As an expert in the field of ophthalmology, I'm often asked about the best surgical interventions for age-related cataracts. Age-related cataracts are a common condition affecting older individuals, and in most cases, surgery is the only treatment. In this article, I'll discuss the different types of surgical interventions available, their benefits and drawbacks, and the cost of each procedure.
The two main surgical interventions for age-related cataracts are
extracapsular cataract extraction (ECCE)and
phacoemulsification. ECCE involves making a small incision in the cornea to remove the lens nucleus without fragmenting it. This leaves the capsule intact, which can help the eyes heal. However, a small incision does carry an increased complication rate. The Phako method is a more minor incision requiring a 3.2 mm precise corneal incision. This results in less scarring and reduces postoperative inflammation.
During the first 6 months after surgery, the phaco-tab group had better visual acuity and fewer complications than the ECCE group. After that, however, a higher percentage of patients required spectacles. Moreover, patients in the ECCE group were left with more excess astigmatism. Hence, the visual outcomes were worse in the ECCE group throughout the follow-up.
In addition, a significant proportion of the ECCE group required sutures for protrusion and wound leak. Eight of the 244 patients in the ECCE group required sutures, whereas only five in the phaco-tab group needed sutures.
Despite the higher preoperative complication rate, the ECCE procedure did not require a substantial relearning curve. The increased rate of astigmatism after surgery is probably due to the requirement for an open eye during surgery.
The cost of phacoemulsification, ECCE, and the combined procedure was analyzed. Each operation required a different resource input. These inputs included the operating theatre/surgical episode, the average cost of the system, the resource input category of outpatients, and the average depreciation of the equipment. The prices were compared with the National Health Service and were assessed by a cost of good visual outcome analysis.

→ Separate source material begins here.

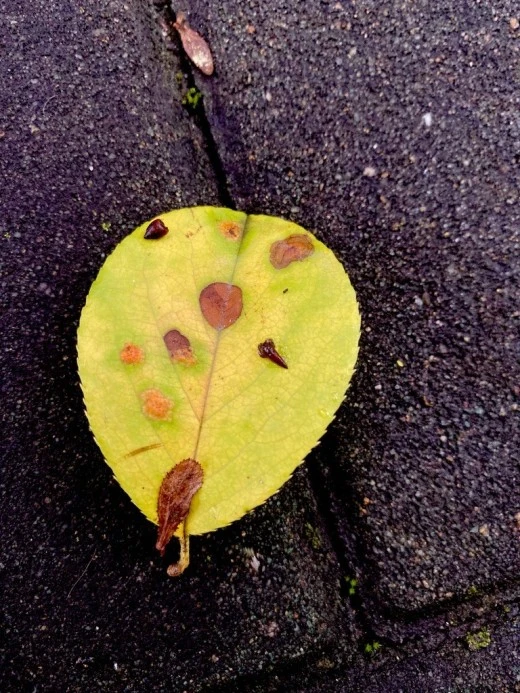 8_8idUd018svc11be7hg4drozf_avjrcv.jpeg?type=w520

Phacoemulsification is the most common surgical intervention for age-related cataracts. It uses ultrasound energy to break up the cataract. An IOL is then inserted into the lens capsule.
Extracapsular cataract extraction is another surgical option for older patients. This type of surgery involves making a small incision in the cornea, allowing for the removal of the cataract in one piece.
Although extracapsular cataract extraction is more beneficial for older patients, it is unsuitable for all cases. Phacoemulsification is the method most used in developed countries and provides comparable visual outcomes.
However, there are some limitations to each technique. The results are also subject to the skill of the eye surgeon performing the operation. In addition, studies have not consistently shown lower complications or faster recovery.
Manual Minor Incision Cataract Surgery
Manual minor incision cataract surgery (SICS) is less expensive and offers a low-risk alternative to phacoemulsification. This surgery is especially useful in developing countries.
17 randomized controlled trials (RCTs) were reviewed on 9627 people. The trials were conducted in various settings, including Europe and America as well as developing countries.
Several of these studies reported similar results. However, some authors felt that long-term follow-up could have been easier to assess. Another issue was that assessors in some studies were masked.
A systematic review of these 17 RCTs was completed by two independent authors. The researchers found that PHACO provided a higher visual outcome than extracapsular cataract surgery.